__How to complete this task__
If a picture appears in the records below, drop it, and reproduce everything else exactly.

---------- Records for processing ----------

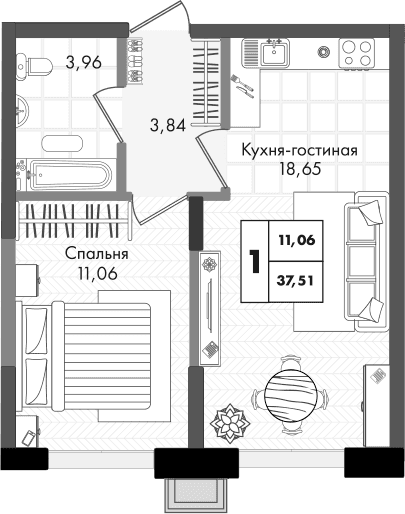 Продается 2-комн. квартира, 37.51 м²
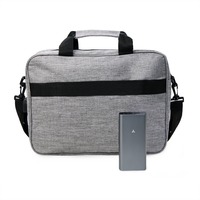 Подарочный набор BUSINESS: сумка для документов, внешний аккумулятор, серый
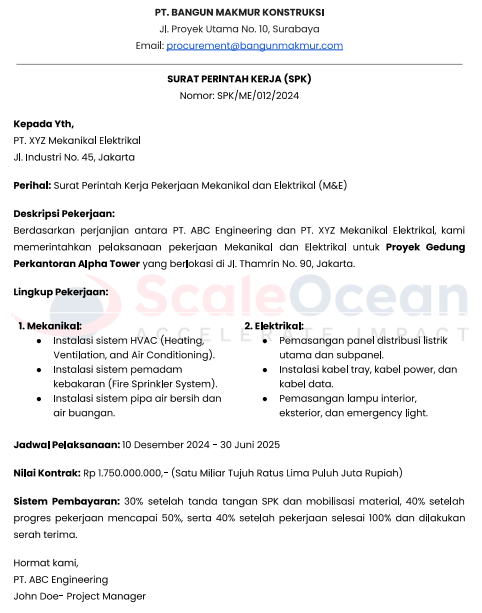 surat perintah kerja pekerjaan mekanikal dan elektrikal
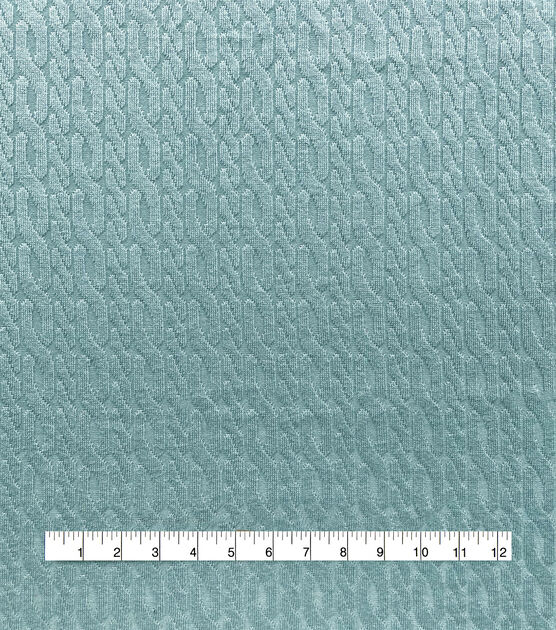 Light Blue Cable Knit Athleisure Fabric, , hi-res, image 5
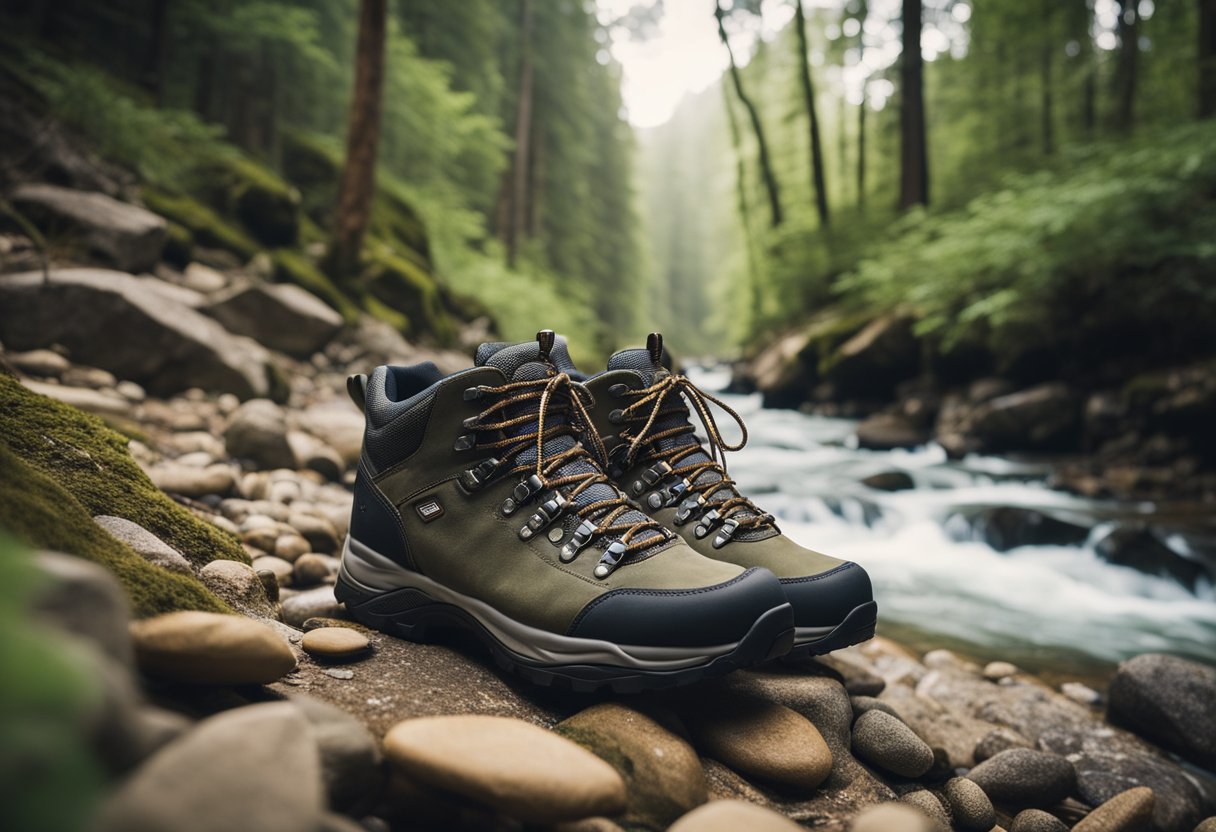 A pair of hiking shoes traverses a rocky trail, surrounded by towering trees and a flowing river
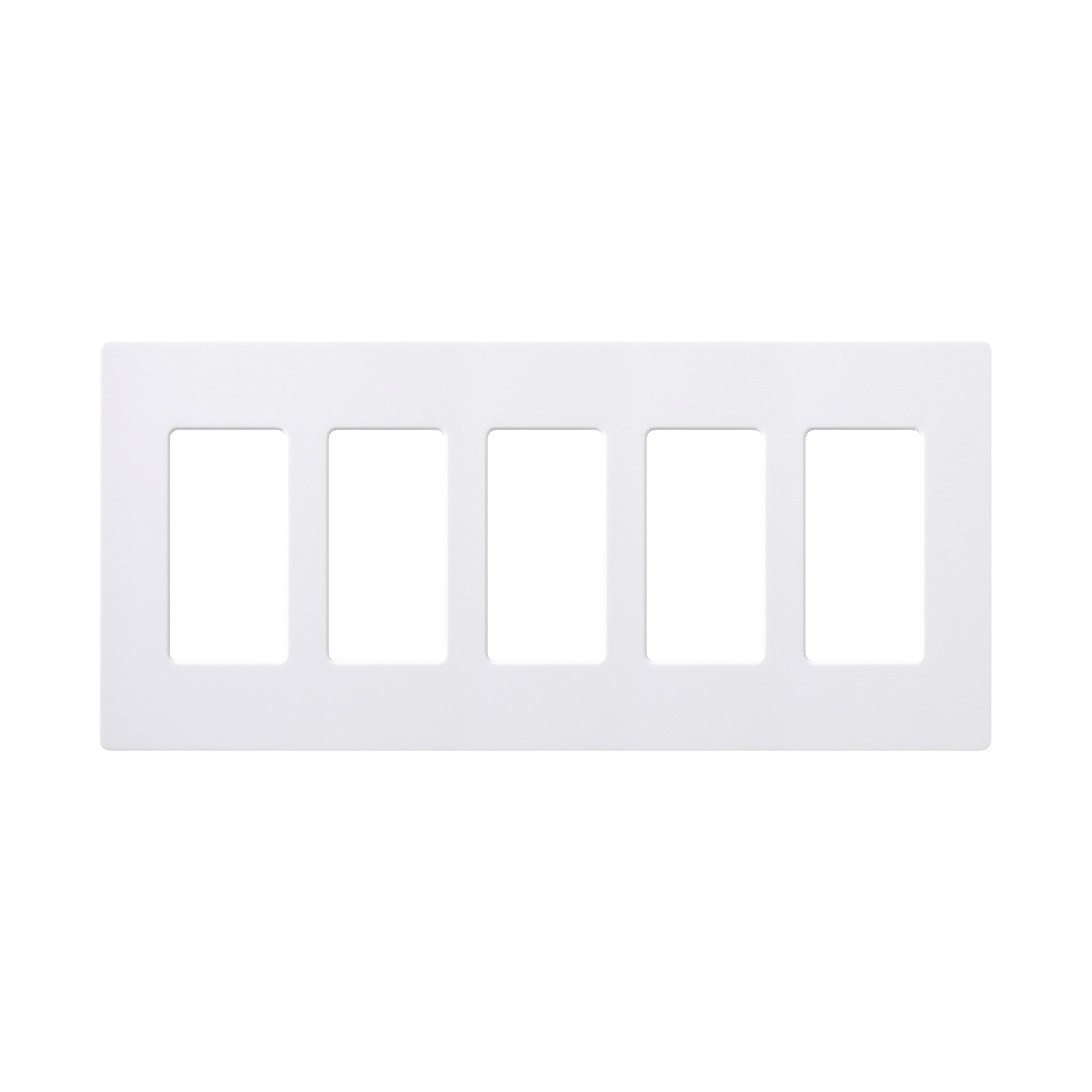 Placa de pared 5 espacios, para atenuador (dimmer), switch ó control remoto PICO inalámbrico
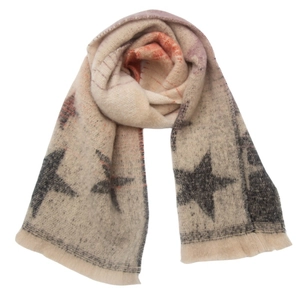 Detail shot of beige boucle yarn scarf featuring grey star patterns and orange accents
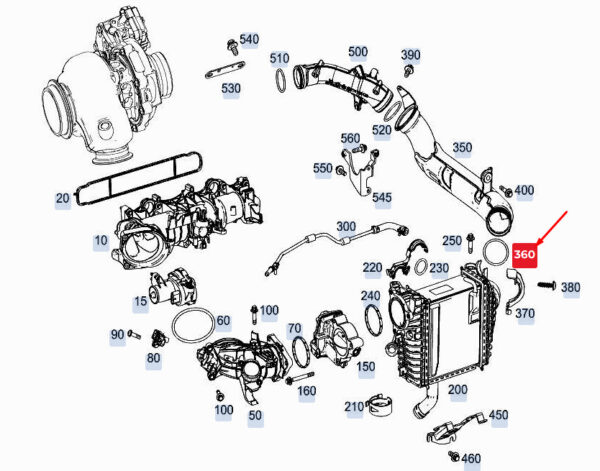 MERCEDES-BENZ S W222 Charged Air Line O-Ring A0289971445 ORIGINAL - Image 2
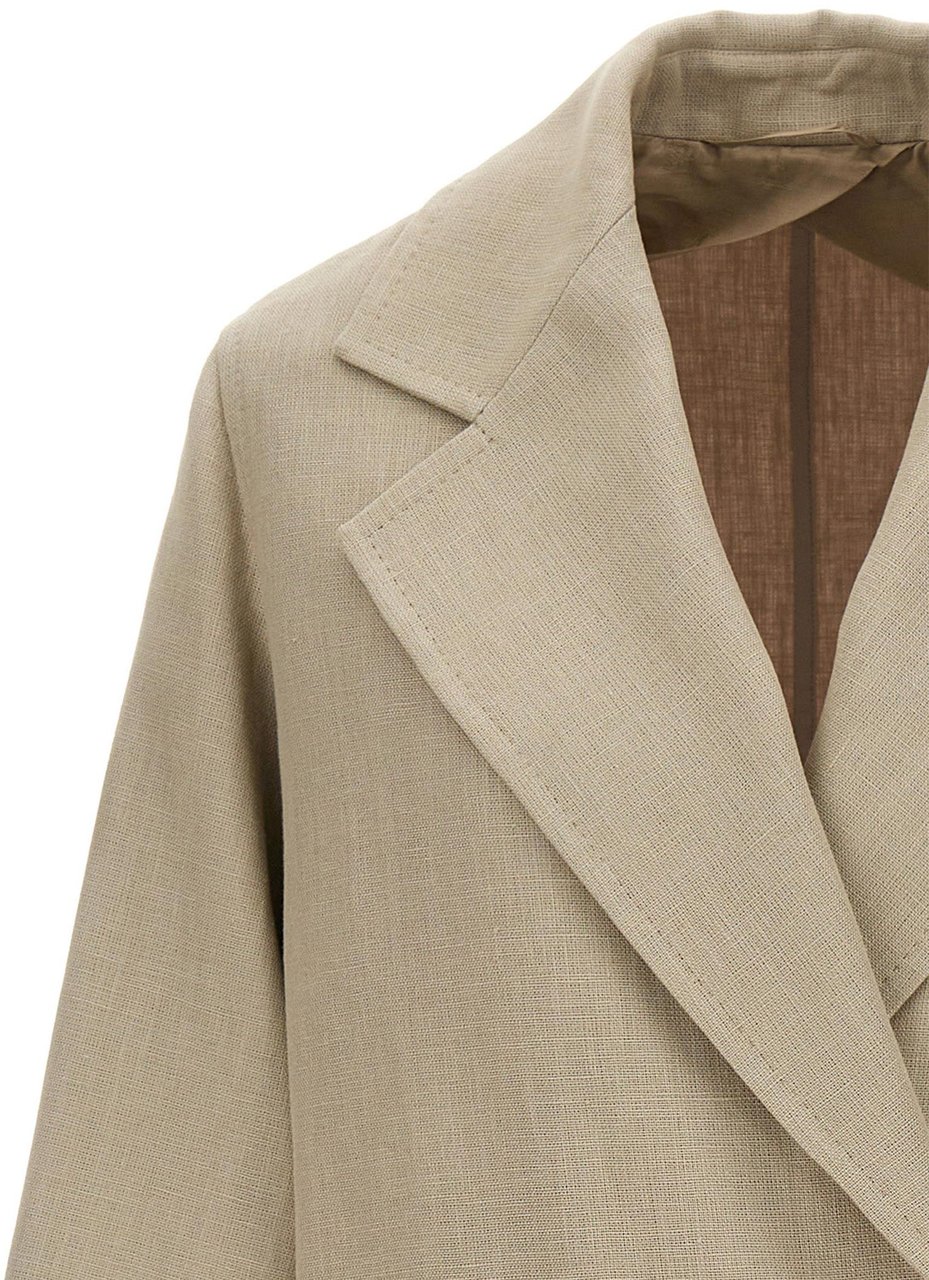 Max Mara Beige Linen Coat Beige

----------

__Reply__
 Продается 2-комн. квартира, 37.51 м²
 Подарочный набор BUSINESS: сумка для документов, внешний аккумулятор, серый
 surat perintah kerja pekerjaan mekanikal dan elektrikal
 Light Blue Cable Knit Athleisure Fabric, , hi-res, image 5
 A pair of hiking shoes traverses a rocky trail, surrounded by towering trees and a flowing river
 Placa de pared 5 espacios, para atenuador (dimmer), switch ó control remoto PICO inalámbrico
 Detail shot of beige boucle yarn scarf featuring grey star patterns and orange accents
 MERCEDES-BENZ S W222 Charged Air Line O-Ring A0289971445 ORIGINAL - Image 2
 Max Mara Beige Linen Coat Beige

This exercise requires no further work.